WORK REQUEST => Reproduce what is written in the records below exactly, and leave out the images.

○ ○ ○ ○ ○

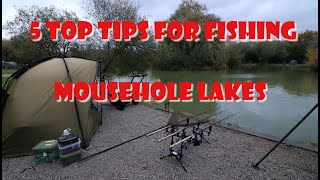 MY 5 TOP TIPS FOR MOUSEHOLE LAKES [upl. by Akcire]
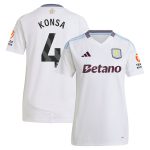 Aston Villa Jerseys - Official aston villa adidas away shirt 2024-25 – womens with konsa 4 printing Collection for AVFC Fans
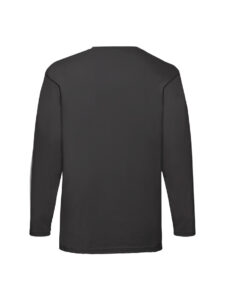 Fruit and loom ORIGINAL LONG SLEEVE T Shirt 0614280 Black Rear
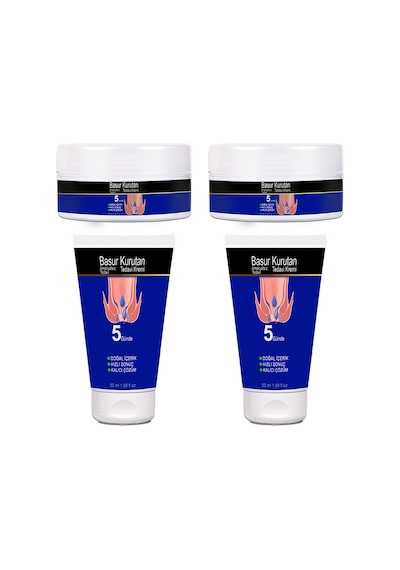 Basurkurutan Kremi 2 Adet Aslanpençesi Kestane Hellebore Çiçek Esktarları 50 Ml Tüp&kavanoz Set
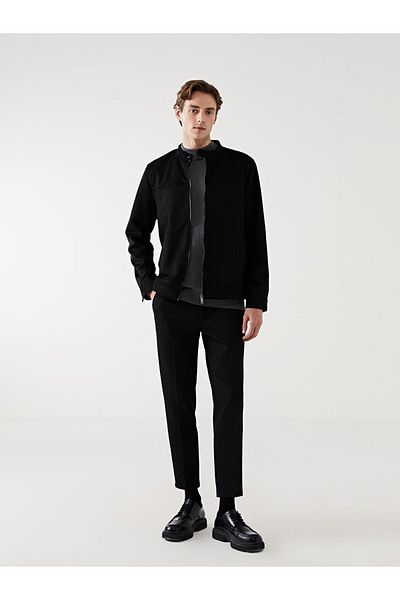 LC Waikiki Ανδρικό παλτό LCW Vision Standard Fit Biker Collar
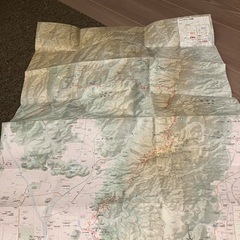 京都一周トレイル　北山　東部　マップ　一枚ものの画像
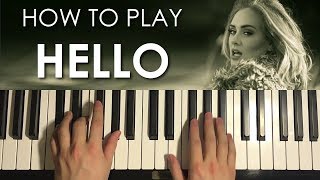 Adele  Hello Piano Tutorial Lesson [upl. by Barbarese892]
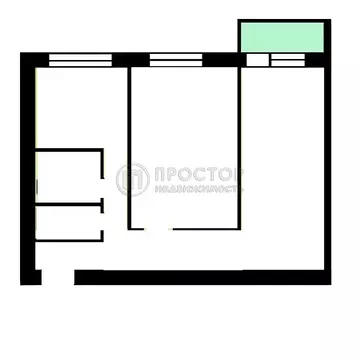 2-комнатная квартира: Химки, улица Пожарского, 14 (42.4 м)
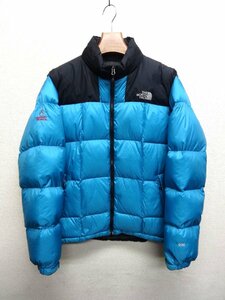 THE NORTH FACE ノースフェイス サミットシリーズ ローツェ ダウンジャケット 800FP メンズ XLサイズ 正規品 ブルー D6337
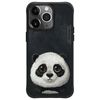 Nimmy etui iPhone 15 Pro 6.1"            czarny/black Big Eyed Pet 2.0 Panda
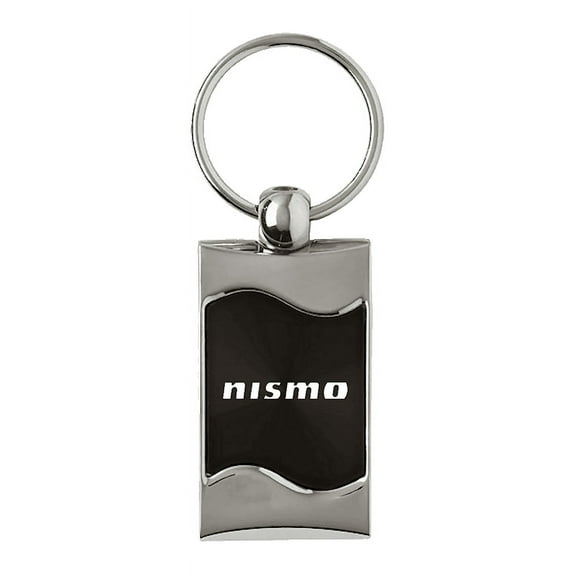 Au-TOMOTIVE GOLD NISMO Rectangular Wave Black Teardrop Key Fob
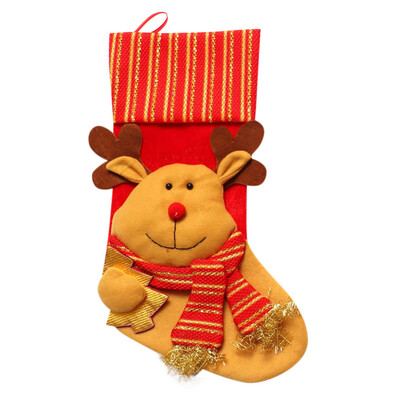 

〖Follure〗Christmas Xmas Tree Hanging Party Tree Decor Santa Stocking Sock Gift Candy Bags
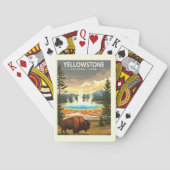 Nationaal Park geelsteen Pokerkaarten (Achterkant)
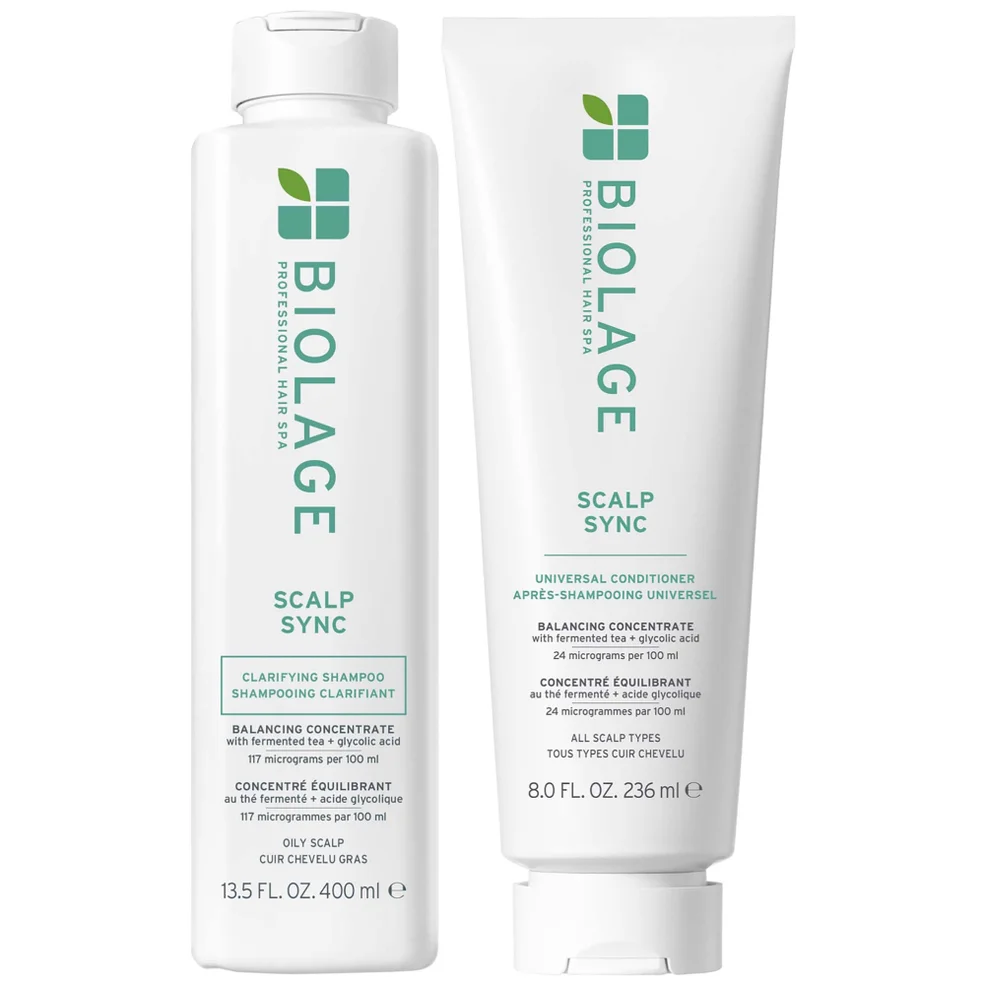 Biolage Scalp Sync Clarifying Shampoo 400ml and Conditioner 236ml Duo Afbeelding 1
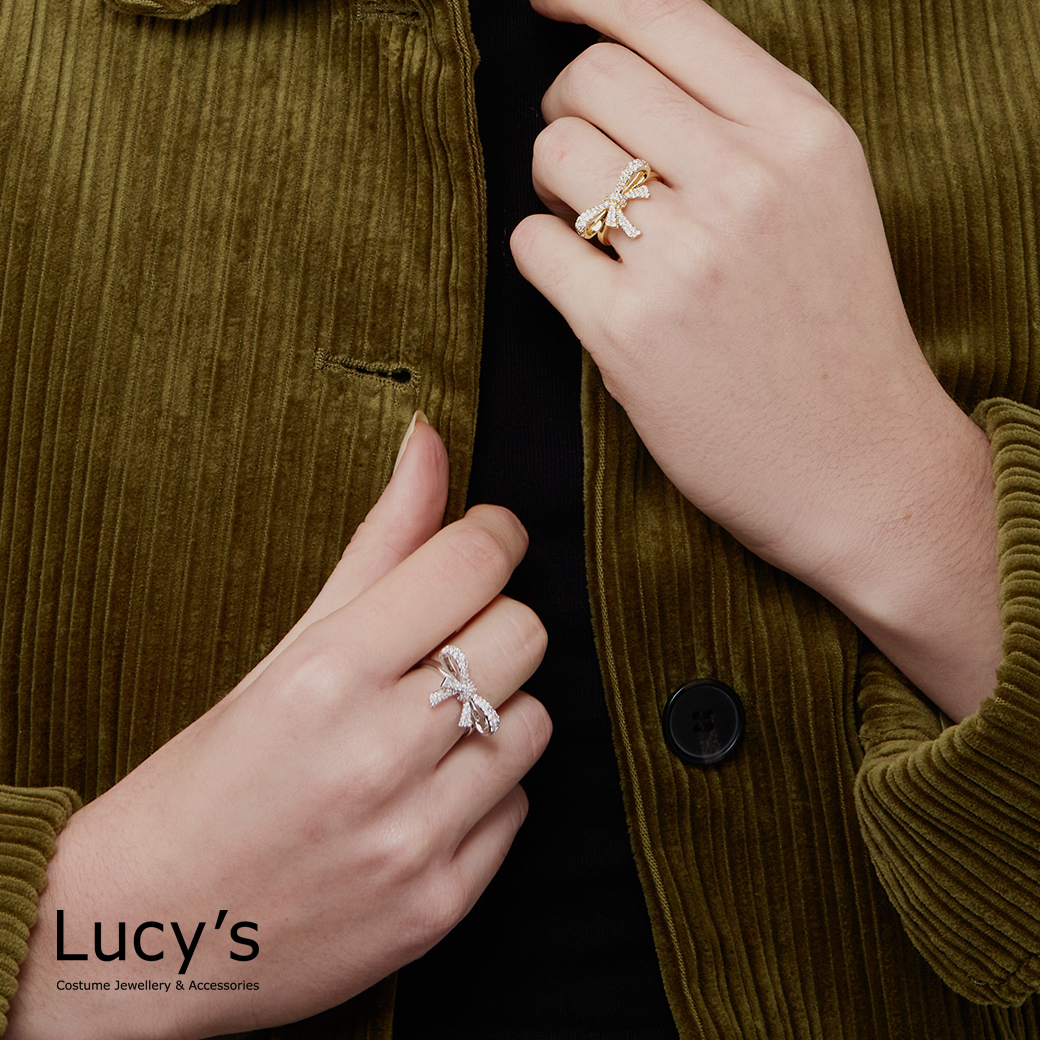 閃耀蝴蝶結 開口戒 (122280/122232)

○ ○ ○ ○ ○

WRITTEN SOLUTION =>
 MY 5 TOP TIPS FOR MOUSEHOLE LAKES [upl. by Akcire]
 Aston Villa Jerseys - Official aston villa adidas away shirt 2024-25 – womens with konsa 4 printing Collection for AVFC Fans
 Fruit and loom ORIGINAL LONG SLEEVE T Shirt 0614280 Black Rear
 Basurkurutan Kremi 2 Adet Aslanpençesi Kestane Hellebore Çiçek Esktarları 50 Ml Tüp&kavanoz Set
 LC Waikiki Ανδρικό παλτό LCW Vision Standard Fit Biker Collar
 京都一周トレイル　北山　東部　マップ　一枚ものの画像
 Adele  Hello Piano Tutorial Lesson [upl. by Barbarese892]
 2-комнатная квартира: Химки, улица Пожарского, 14 (42.4 м)
 THE NORTH FACE ノースフェイス サミットシリーズ ローツェ ダウンジャケット 800FP メンズ XLサイズ 正規品 ブルー D6337
 Nimmy etui iPhone 15 Pro 6.1"            czarny/black Big Eyed Pet 2.0 Panda
 Au-TOMOTIVE GOLD NISMO Rectangular Wave Black Teardrop Key Fob

〖Follure〗Christmas Xmas Tree Hanging Party Tree Decor Santa Stocking Sock Gift Candy Bags
 Nationaal Park geelsteen Pokerkaarten (Achterkant)
 Biolage Scalp Sync Clarifying Shampoo 400ml and Conditioner 236ml Duo Afbeelding 1
 閃耀蝴蝶結 開口戒 (122280/122232)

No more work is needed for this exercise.